Recognizing Stress in Yourself and Others

       There are a lot of different symptoms that come along with stress. Sometimes they are obvious and noticeable and other times you might not notice at all. One of the best tricks to dealing with stress properly is being able to recognize stress. If you can recognize stress in yourself, then you can deal with it before it gets to an antagonizing or unhealthy point. Some of the physical symptoms can include;

  • Aches and pains
  • Diarrhea or constipation
  • Nausea
  • Dizziness
  • Chest pain
  • Rapid heartbeat
  • Cognitive Symptoms can include;
  • Memory issues
  • Concentration issues
  • Poor judgement
  • Negativity
  • Anxiousness
  • Overwhelming or racing thoughts
  • Consistent worry
  • Change in behaviour could occur and these symptoms would be;
  • Change in appetite
  • Change in sleep habits
  • Change in social life
  • Procrastinating
  • Not keeping up with responsibilities
  • Develop nervous habits (Nail biting, restless sitting, pacing etc.)
  • Recreational drug use (Maybe even miss use of prescription drugs.) for relaxation
  • Alcohol use for relaxation
  • Some emotional changes may take place and these include;
  • Mood swings
  • Irritability
  • Short tempered
  • Agitation
  • Inability to relax
  • Overwhelmed
  • Feeling lonely
  • Feeling isolated
  • Feeling unhappy
  • Feeling Depressed
  • (Stress Symptoms, Signs, and Causes para. 11)

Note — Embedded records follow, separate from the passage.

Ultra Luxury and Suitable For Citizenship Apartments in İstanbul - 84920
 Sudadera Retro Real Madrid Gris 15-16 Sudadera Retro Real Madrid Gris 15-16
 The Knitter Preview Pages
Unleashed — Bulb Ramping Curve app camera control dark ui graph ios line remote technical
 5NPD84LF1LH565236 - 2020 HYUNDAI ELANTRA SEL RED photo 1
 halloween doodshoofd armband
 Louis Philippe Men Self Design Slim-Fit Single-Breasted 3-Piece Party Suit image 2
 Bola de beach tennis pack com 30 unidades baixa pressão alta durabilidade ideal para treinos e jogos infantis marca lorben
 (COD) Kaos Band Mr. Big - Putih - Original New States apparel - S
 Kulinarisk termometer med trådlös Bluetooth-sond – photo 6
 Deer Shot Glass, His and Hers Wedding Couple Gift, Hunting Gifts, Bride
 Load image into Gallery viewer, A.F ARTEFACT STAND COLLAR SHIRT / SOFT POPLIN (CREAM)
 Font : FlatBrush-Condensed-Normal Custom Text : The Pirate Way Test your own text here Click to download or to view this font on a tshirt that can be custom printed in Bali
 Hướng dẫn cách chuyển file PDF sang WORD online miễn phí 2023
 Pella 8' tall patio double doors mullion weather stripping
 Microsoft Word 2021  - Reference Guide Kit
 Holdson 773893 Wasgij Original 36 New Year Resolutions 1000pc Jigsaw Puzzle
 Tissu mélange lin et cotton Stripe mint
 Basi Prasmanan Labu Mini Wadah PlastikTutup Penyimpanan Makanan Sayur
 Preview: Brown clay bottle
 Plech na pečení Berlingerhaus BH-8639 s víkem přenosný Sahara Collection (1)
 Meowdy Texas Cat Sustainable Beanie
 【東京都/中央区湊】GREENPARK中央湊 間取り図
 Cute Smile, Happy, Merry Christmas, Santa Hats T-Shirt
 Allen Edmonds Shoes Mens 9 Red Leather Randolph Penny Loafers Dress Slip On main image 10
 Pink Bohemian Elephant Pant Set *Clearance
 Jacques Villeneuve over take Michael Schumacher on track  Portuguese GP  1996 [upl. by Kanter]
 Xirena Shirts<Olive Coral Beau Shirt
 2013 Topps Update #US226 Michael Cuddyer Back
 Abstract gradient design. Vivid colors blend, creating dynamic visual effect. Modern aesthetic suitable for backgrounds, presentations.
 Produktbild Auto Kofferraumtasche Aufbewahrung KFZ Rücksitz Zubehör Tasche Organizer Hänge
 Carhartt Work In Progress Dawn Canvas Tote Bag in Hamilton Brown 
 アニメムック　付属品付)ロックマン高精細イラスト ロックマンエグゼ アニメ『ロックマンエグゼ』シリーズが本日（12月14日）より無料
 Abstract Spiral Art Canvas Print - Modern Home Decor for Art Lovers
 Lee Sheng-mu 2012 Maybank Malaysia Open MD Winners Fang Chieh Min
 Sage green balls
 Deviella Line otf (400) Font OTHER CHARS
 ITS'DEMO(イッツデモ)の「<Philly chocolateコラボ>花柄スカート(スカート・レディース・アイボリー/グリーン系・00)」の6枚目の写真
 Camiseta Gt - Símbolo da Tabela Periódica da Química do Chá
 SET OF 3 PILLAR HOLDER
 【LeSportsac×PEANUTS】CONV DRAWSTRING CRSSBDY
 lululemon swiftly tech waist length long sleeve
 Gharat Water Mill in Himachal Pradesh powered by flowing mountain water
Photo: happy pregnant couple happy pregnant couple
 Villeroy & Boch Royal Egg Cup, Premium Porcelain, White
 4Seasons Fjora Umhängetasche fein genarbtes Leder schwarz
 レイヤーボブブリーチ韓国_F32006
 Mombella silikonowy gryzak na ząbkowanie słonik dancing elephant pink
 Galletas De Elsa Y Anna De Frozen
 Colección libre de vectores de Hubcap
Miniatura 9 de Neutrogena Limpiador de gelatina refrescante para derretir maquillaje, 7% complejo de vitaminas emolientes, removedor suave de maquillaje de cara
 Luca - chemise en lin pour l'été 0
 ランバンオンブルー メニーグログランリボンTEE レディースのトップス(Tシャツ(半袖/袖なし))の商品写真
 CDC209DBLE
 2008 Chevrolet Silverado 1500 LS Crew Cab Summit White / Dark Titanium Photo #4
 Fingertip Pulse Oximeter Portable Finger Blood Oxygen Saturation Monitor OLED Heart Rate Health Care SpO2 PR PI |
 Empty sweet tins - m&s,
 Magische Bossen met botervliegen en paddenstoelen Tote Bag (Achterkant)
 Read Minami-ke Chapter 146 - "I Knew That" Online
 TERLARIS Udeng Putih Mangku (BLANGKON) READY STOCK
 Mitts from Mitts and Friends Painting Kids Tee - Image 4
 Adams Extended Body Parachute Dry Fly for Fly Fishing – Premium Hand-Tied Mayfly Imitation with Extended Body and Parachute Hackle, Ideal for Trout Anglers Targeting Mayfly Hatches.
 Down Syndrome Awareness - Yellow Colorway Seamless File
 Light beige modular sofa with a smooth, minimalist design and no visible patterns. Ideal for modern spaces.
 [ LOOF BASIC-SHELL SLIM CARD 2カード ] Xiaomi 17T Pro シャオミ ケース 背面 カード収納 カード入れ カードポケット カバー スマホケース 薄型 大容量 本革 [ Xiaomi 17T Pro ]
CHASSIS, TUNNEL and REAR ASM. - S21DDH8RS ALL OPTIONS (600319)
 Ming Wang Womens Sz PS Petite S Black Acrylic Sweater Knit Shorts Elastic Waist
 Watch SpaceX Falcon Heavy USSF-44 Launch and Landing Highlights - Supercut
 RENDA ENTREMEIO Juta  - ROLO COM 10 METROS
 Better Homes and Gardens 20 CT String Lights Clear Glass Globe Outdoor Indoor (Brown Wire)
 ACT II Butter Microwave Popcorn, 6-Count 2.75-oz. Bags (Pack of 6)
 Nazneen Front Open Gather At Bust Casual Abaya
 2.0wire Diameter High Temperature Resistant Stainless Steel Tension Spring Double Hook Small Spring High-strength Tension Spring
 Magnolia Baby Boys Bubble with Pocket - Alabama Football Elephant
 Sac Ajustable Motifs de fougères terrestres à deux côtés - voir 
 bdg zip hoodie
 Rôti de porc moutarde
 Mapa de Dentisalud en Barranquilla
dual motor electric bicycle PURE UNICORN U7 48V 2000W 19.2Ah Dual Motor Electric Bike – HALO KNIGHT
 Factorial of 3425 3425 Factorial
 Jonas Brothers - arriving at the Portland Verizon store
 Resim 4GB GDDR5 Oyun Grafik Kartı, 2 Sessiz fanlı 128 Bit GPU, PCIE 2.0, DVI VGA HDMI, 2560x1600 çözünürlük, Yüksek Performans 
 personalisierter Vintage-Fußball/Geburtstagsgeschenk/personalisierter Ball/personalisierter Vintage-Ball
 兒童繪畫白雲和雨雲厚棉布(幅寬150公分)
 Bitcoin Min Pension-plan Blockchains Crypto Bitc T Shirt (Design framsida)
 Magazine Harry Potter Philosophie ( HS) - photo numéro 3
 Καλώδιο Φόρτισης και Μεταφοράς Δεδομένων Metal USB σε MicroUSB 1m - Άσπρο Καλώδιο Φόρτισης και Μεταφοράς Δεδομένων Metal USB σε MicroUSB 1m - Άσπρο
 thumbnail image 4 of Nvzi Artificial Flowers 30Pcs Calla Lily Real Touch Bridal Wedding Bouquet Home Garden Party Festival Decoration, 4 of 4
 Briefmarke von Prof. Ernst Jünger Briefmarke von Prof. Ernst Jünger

These symptoms can be caused by other things as well. You have to be able to determine what you have going on in your life that could be causing them, which will help you determine whether or not they are from stress. This list is also useful when it comes to other people. If you notice an interesting change in a close friend or a family member and it concerns you, you could so some research and look into it. Maybe sit down with them and talk with them to try and see if they want to get help or if they have noticed the change within themselves. A lot of times people don’t completely notice any sort of change. Other times they notice and don’t know how to help themselves. Stress can become a very serious issue in a person, and it’s always best to deal with it as soon as possible. Not taking action could lead you to a burnout.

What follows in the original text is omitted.